By 1912 it too was acquired by Bell/NY Telephone. (The aggressive acquisition and market denomination strategy was crafted by Theodore Vail, first cousin of Alfred Vail, a key figure in the invention of the telegraph.)

17 In 1914 a new Bell/NY Telephone building was constructed on State St. above Eagle. At 11 stories, it was the tallest building in the city, and dominated Capitol Hill and downtown. The new building allowed consolidation of all telephone exchange services for Albany and administrative services for surrounding counties. (By 1915 there were about 18,000 subscribers in Albany and adjacent counties.) It’s now known as the Verizon Building, the company most recently formed as a result of the breakup of the Bell telephone monopoly in the early 1980s.

The Albany Connection.. literally

Bell’s telephone built upon the work of Albany’s Joseph Henry “Father of Modern Electricity” who became the first Secretary of the Smithsonian. Henry was also instrumental in encouraging Bell to perfect the telephone and to experiment with electricity as a means facilitating the transmission of the human voice.
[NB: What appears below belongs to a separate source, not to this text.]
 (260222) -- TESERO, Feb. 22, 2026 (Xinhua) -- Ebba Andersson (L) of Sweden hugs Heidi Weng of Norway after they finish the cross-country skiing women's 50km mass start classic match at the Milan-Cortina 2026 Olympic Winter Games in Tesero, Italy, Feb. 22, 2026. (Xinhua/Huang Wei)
Bell never forgot Henry’s contribution; he installed a telephone in Henry’s house in 1878 shortly before Henry’s death. Bell then arranged free telephone service for Henry’s widow, Harriet, and her daughters. Several years later, he intervened when the phone was removed from service. Writing the president of American Bell Telephone Company, as it was now named, Bell explained why he strongly urged restoration of service: “This telephone was placed in position there and no charge was made therefore in recognition of the efforts and services of Professor Henry in the early history of the instrument and who did a great deal to encourage the invention.”